The Court is left to resolve the fundamental issue of whether the CA correctly sustained the NLRC's Decision finding LISI and Calderon solidarily liable for the payment of disability benefits to respondent.

After judicious study of the case, We find no reason to depart from the ruling of the NLRC and the CA.

Preliminarily, it must be emphasized that the Court has consistently held that only questions of law may be raised in a petition for review on certiorari under Rule 45 of the Rules of Court, as amended.[36] The Court is not a trier of facts and as a general rule, only questions of law raised via a petition for review under Rule 45 of the Rules of Court are reviewable by this Court. Factual findings of administrative or quasi-judicial bodies, including labor tribunals, are accorded much respect by this Court as they are specialized to rule on matters falling within their jurisdiction especially when these are supported by substantial evidence. However, a relaxation of this rule is made permissible by this Court whenever any of the following circumstances is present:
  1. when the findings are grounded entirely on speculations, surmises or conjectures;
  2. when the inference made is manifestly mistaken, absurd or impossible;
  3. when there is grave abuse of discretion;
  4. when the judgment is based on a misapprehension of facts;
  5. when the findings of fact are conflicting;
  6. when in making its findings[,] the Court of Appeals went beyond the issues of the case, or its findings are contrary to the admissions of both the appellant and the appellee;
  7. when the findings are contrary to that of the trial court;
  8. when the findings are conclusions without citation of specific evidence on which they are based;
  9. when the facts set forth in the petition[,] as well as in the petitioner's main and reply briefs(,] are not disputed by the respondent;
  10. when the findings of fact are premised on the supposed absence of evidence and contradicted by the evidence on record; [and]
  11. when the Court of Appeals manifestly overlooked certain relevant facts not disputed by the parties, which, if properly considered, would justify a different conclusion.[37]
Thus, the rule is not ironclad. The Court may delve into and resolve factual issues when, among others, there is insufficient or insubstantial evidence to support the findings of the tribunal or court below, or when the lower courts come up with conflicting positions, as in this case.[38] Hence, this Court is constrained to review and resolve the factual issue in order to settle the controversy.
 
Although not served with summons, jurisdiction over LISI was acquired through its voluntary appearance.
 

It is basic that the LA cannot acquire jurisdiction over the person of the respondent without the latter being served with summons.[39] However, if there is no valid service of summons, the court can still acquire jurisdiction over the person of the defendant by virtue of the latter's voluntary appearance.[40]

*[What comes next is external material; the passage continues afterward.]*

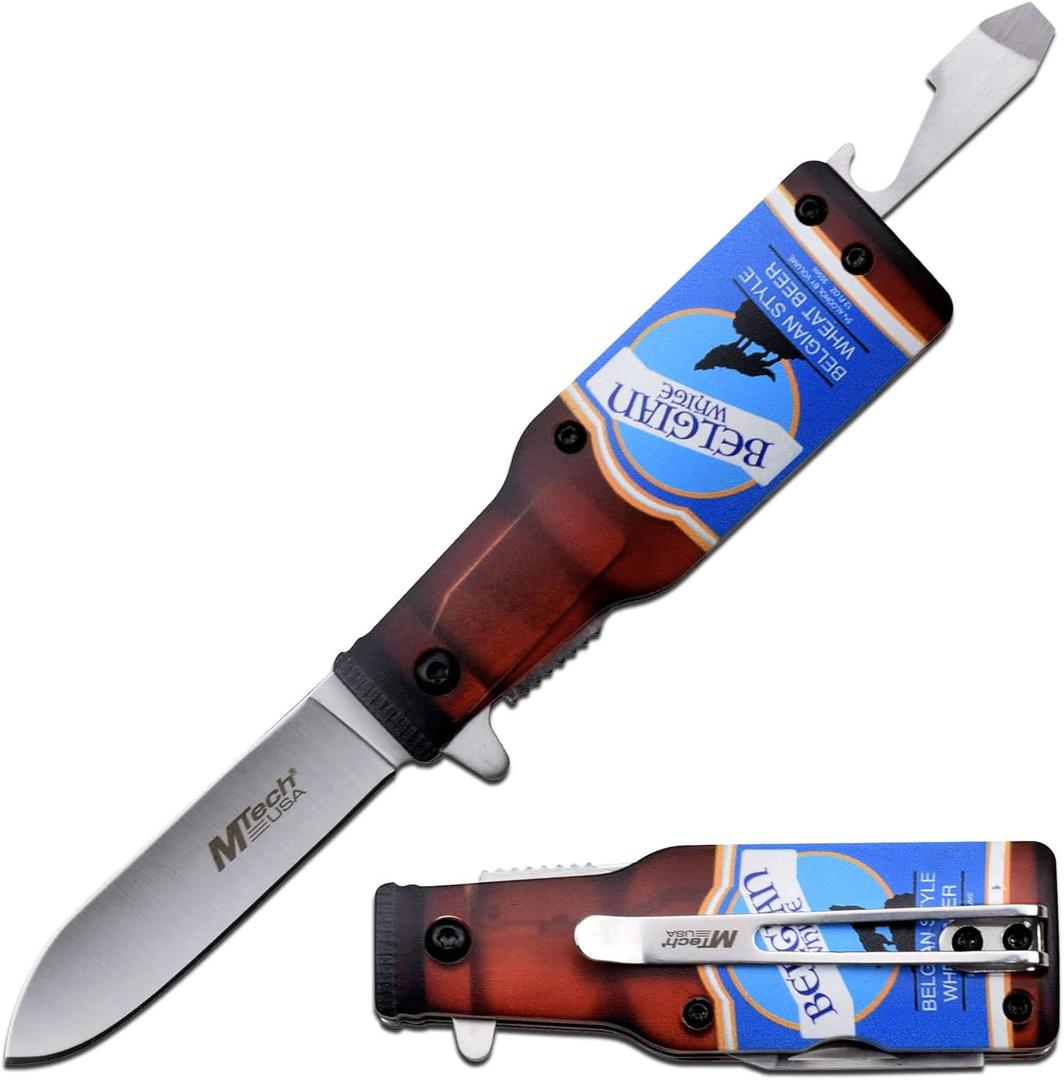 MTECH USA Folding Pocket Knife, 2.5" Blade, Beer Bottle Design, with Bottle Opener and Pocket Clip, EDC (Blue)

While it is undisputed that LISI was not issued or served with summons or notice of conference, records show its voluntary submission to the authority of the LA. First, in a letter dated January 20, 2015 of Calderon, who claims to be representing LISI, requested for the resetting of the conference. Second, on February 12, 2016, the president of LISI, Bernardino executed a SPA conferring upon Calderon the authority to represent LISI in the proceedings on the case. Third, LISI filed its position paper, presented its arguments against the claim of respondent and sought affirmative relief from the labor court. Rule 14, Section 23 of the 2019 Amendments to the 1997 Rules of Civil Procedure[41] provides that:
Section 23. Voluntary appearance. - The defendant's voluntary appearance in the action shall be equivalent to service of summons. The inclusion in a motion to dismiss of other grounds aside from lack of jurisdiction over the person of the defendant shall be deemed a voluntary appearance.
All these indicate that LISI voluntarily submitted its person to the jurisdiction of the LA.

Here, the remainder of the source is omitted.